For the U.K., what also hangs in the balance is its ability to pursue profitable trade agreements with other countries – one of the key reasons for the Brexit referendum in the first place. The closer it aligns with the EU Customs Union in a bid to continue frictionless trade within the single market, the higher will its non-trade barriers with other countries become.

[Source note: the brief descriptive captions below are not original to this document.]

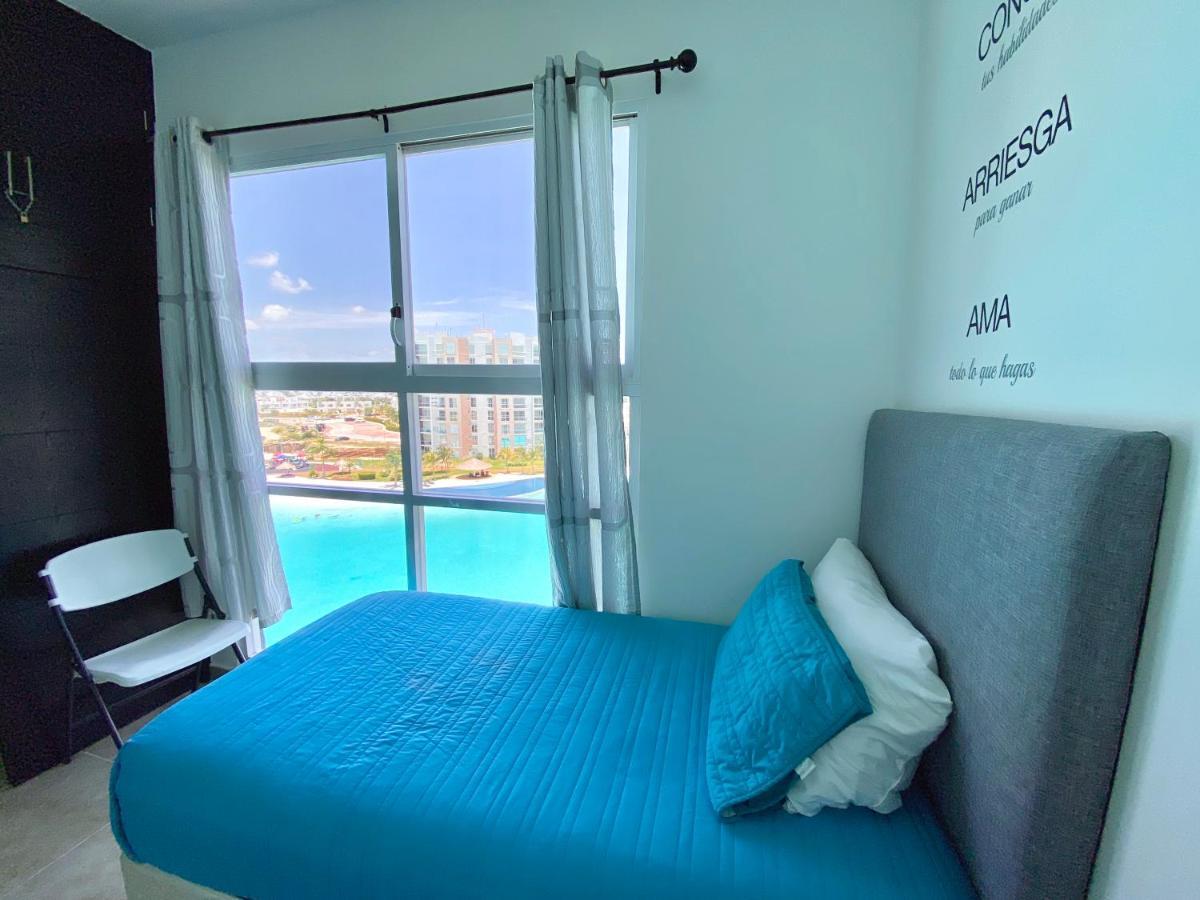 Dreams Lagoon By Andiani Travel Cancún Exterior foto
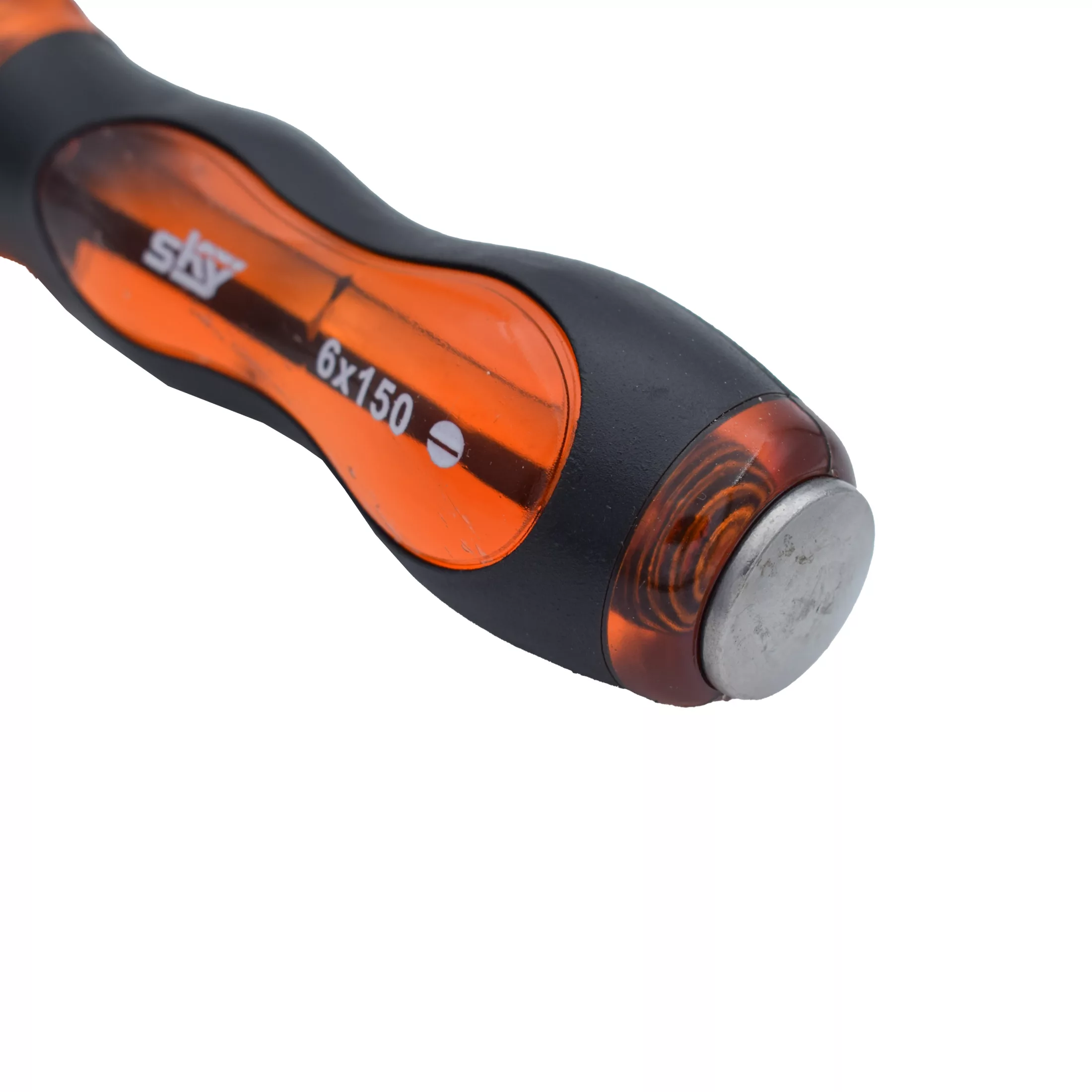 پیچ گوشتی ضربه خور اسکای مدل 6x150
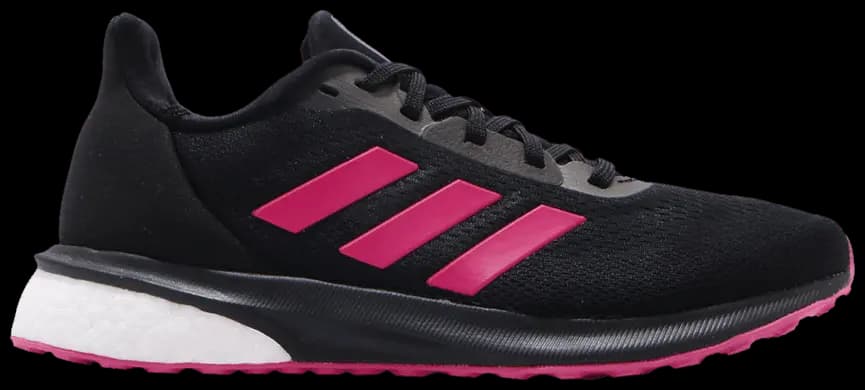 Giày Adidas Wmns Astrarun 'Pink' EG5833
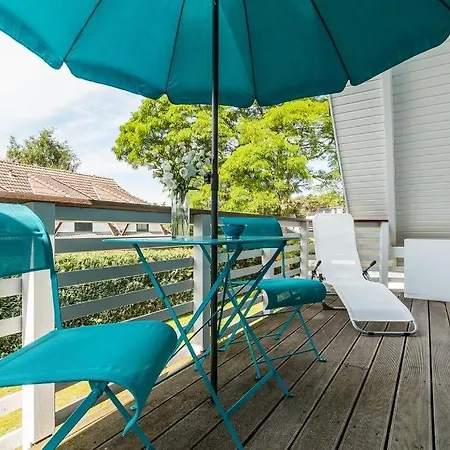 Drei Akazien 3 * Neuhaus (Mecklenburg-Vorpommern)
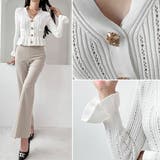 カーディガン レディース トップス | KawaiCat | 詳細画像3 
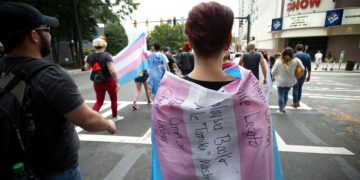 Most Americans Say There Are 2 Genders and Want Sex Changes for Minors Criminalized.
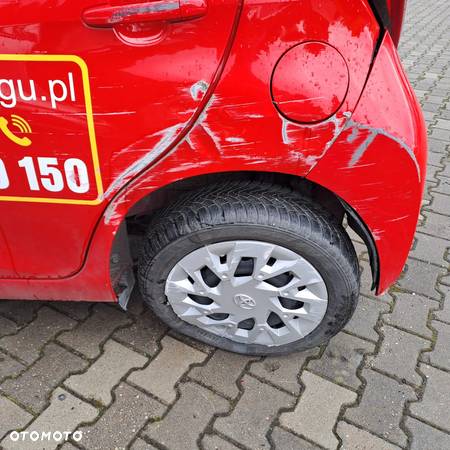 Toyota Aygo 1.0 VVT-i Color Edition - 5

Research indicates that the bulk of the cost of international trade comes from non-tariff barriers such as regulatory and standards’ compliance, and licenses for access and settling cross-border disputes. For example, the non-tariff costs on all goods between the EU and the U.S. was around 13 to 14 percent, with some sectors such as agricultural products and processed foods being considerably higher. The non-tariff barriers would become even more important for the services sector, which makes up 80 percent of the U.K. economy. It is estimated that non-tariff barriers arising from Brexit could reduce the U.K.’s services exports by anywhere between 6 and 13 percent over a 10-year period.
The Border of Dispute
The EU is pushing the U.K. to either opt for a clean hard Brexit, with a Free Trade Agreement (FTA) similar to the one it has with Canada, or to accept becoming a part of the European Economic Area (EEA) like Norway. However, the U.K. considers both extremes as a losing proposition, and would like the EU to show some ‘political will’ and help carve an innovative trade deal similar to the ones done with some other third countries recently.
A WNS DecisionPointTM analysis highlights five possible Brexit scenarios and their implications. With the EU effectively ruling out the Exclusive Goods Single Market Access proposed in the Brexit whitepaper, here are the other four scenarios that could still play out:
Chaotic ‘No Deal’: This is the most likely Brexit scenario if the Withdrawal Agreement is not agreed upon by December 2018. A hard border will have to be established on the Irish island, along with the entire infrastructure and systems for customs clearances at all major ports. The EU will have to allow grace time to allow such alternate arrangements to be made, and movements of trucks and flights will likely be grounded in the interim
Hard Brexit after Transition: The U.K. would sign a Withdrawal Treaty at the end of 2018, and an FTA in 2020. The customs border will be established along the Irish sea in 2021, leaving Northern Ireland a part of the single market even as the rest of the U.K. is out of it. There would be no frictionless trade in goods or services, but the U.K. would be able to pursue independent trade agreements with other countries
Customs Union after Transition: In this scenario, the U.K. would sign an FTA as well as a Customs Union agreement with the EU in 2020. This will help address the Irish border problem, but Northern Ireland will still remain a part of the single market. But trade in industrial goods will be smooth with enhanced checks, while agricultural goods face longer delays at the border. Importantly, the U.K. faces restrictions on signing FTAs with other countries
Norway Plus: A moderately soft Brexit, in this scenario, the U.K. concedes and signs an EEA-style agreement at the end of the transition period in 2020, remaining in the customs union and the single market. This ensures frictionless trade for goods and services, and also allows the U.K. to enter into third country FTAs. However, all of its red lines with respect to free movement of people, EU jurisdiction and fiscal contributions will be broken. Brexiteers consider this to be a defeat of the referendum
With the deadline for the Withdrawal Agreement looming large, businesses will be hoping for an end to the uncertainties around the final post-Brexit trade models. As things stand, the U.K. government faces an almost impossible task of delivering a Brexit that delivers on the Irish border question and frictionless trade, while satisfying the basic tenets of the Brexit referendum.